• Exercise: Look for the line containing "Pug Hund Mops" in the entries below, then print that line and all that follow it exactly.

===============

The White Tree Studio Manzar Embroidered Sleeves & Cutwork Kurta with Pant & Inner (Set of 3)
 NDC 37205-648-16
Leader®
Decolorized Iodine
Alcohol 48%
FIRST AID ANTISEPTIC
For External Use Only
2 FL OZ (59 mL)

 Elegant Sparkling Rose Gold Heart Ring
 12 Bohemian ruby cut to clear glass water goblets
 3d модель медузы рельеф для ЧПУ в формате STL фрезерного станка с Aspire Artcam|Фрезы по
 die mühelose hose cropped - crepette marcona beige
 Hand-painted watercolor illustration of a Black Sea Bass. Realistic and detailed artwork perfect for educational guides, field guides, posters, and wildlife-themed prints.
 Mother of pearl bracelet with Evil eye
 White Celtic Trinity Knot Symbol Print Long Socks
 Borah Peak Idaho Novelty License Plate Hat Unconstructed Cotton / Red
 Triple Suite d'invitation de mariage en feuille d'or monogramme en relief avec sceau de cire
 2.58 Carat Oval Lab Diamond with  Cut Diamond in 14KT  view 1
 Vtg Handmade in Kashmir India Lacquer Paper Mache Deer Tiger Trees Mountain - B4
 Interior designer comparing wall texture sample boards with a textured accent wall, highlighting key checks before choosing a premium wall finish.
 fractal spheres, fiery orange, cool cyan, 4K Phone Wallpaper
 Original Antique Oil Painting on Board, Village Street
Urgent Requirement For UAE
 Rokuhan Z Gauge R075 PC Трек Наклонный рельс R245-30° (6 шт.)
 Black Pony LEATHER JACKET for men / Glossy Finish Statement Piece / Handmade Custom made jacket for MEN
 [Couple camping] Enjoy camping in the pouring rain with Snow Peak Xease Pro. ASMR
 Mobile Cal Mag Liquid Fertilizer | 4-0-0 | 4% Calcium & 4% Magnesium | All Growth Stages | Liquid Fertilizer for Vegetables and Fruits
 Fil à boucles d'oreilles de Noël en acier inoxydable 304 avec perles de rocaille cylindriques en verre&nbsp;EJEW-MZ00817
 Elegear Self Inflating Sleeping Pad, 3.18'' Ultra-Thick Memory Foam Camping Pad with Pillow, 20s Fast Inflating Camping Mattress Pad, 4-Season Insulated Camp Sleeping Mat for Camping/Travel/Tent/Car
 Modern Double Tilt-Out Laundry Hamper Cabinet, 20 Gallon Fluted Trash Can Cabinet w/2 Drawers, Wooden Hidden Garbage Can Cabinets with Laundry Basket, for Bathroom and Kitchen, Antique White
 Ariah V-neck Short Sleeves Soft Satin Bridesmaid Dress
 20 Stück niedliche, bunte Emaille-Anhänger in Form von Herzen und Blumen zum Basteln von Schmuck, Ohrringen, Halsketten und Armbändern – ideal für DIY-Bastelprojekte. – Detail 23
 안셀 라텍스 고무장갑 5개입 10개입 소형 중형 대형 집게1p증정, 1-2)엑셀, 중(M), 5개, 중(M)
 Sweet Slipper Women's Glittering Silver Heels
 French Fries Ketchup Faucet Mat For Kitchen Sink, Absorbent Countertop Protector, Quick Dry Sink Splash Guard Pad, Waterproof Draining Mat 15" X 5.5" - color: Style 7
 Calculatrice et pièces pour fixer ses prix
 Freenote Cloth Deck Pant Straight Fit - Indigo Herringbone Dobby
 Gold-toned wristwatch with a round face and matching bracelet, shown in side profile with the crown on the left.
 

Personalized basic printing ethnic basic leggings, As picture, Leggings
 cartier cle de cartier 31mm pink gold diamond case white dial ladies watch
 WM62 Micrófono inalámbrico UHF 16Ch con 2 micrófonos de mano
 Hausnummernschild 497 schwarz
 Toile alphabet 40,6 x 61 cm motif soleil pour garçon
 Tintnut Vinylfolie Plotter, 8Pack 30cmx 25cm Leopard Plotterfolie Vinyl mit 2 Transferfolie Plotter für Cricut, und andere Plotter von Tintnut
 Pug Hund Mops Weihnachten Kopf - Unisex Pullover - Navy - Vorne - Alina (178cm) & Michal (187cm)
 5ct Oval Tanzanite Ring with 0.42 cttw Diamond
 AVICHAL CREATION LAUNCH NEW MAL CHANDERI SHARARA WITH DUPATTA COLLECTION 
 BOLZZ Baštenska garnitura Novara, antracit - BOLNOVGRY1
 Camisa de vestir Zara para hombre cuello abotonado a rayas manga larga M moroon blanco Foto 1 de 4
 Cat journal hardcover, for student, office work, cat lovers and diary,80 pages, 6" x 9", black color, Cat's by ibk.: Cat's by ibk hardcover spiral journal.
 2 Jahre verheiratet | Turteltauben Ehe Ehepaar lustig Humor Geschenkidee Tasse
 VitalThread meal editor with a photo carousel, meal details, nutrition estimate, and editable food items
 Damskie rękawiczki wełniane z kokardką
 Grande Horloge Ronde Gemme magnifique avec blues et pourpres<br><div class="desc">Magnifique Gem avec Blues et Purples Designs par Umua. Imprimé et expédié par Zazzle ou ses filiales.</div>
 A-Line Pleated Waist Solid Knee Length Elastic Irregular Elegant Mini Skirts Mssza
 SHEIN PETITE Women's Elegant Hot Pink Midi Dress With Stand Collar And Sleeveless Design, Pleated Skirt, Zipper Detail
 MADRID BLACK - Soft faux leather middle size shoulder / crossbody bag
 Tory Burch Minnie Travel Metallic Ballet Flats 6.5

===============

• Solution to the problem:
 Pug Hund Mops Weihnachten Kopf - Unisex Pullover - Navy - Vorne - Alina (178cm) & Michal (187cm)
 5ct Oval Tanzanite Ring with 0.42 cttw Diamond
 AVICHAL CREATION LAUNCH NEW MAL CHANDERI SHARARA WITH DUPATTA COLLECTION 
 BOLZZ Baštenska garnitura Novara, antracit - BOLNOVGRY1
 Camisa de vestir Zara para hombre cuello abotonado a rayas manga larga M moroon blanco Foto 1 de 4
 Cat journal hardcover, for student, office work, cat lovers and diary,80 pages, 6" x 9", black color, Cat's by ibk.: Cat's by ibk hardcover spiral journal.
 2 Jahre verheiratet | Turteltauben Ehe Ehepaar lustig Humor Geschenkidee Tasse
 VitalThread meal editor with a photo carousel, meal details, nutrition estimate, and editable food items
 Damskie rękawiczki wełniane z kokardką
 Grande Horloge Ronde Gemme magnifique avec blues et pourpres<br><div class="desc">Magnifique Gem avec Blues et Purples Designs par Umua. Imprimé et expédié par Zazzle ou ses filiales.</div>
 A-Line Pleated Waist Solid Knee Length Elastic Irregular Elegant Mini Skirts Mssza
 SHEIN PETITE Women's Elegant Hot Pink Midi Dress With Stand Collar And Sleeveless Design, Pleated Skirt, Zipper Detail
 MADRID BLACK - Soft faux leather middle size shoulder / crossbody bag
 Tory Burch Minnie Travel Metallic Ballet Flats 6.5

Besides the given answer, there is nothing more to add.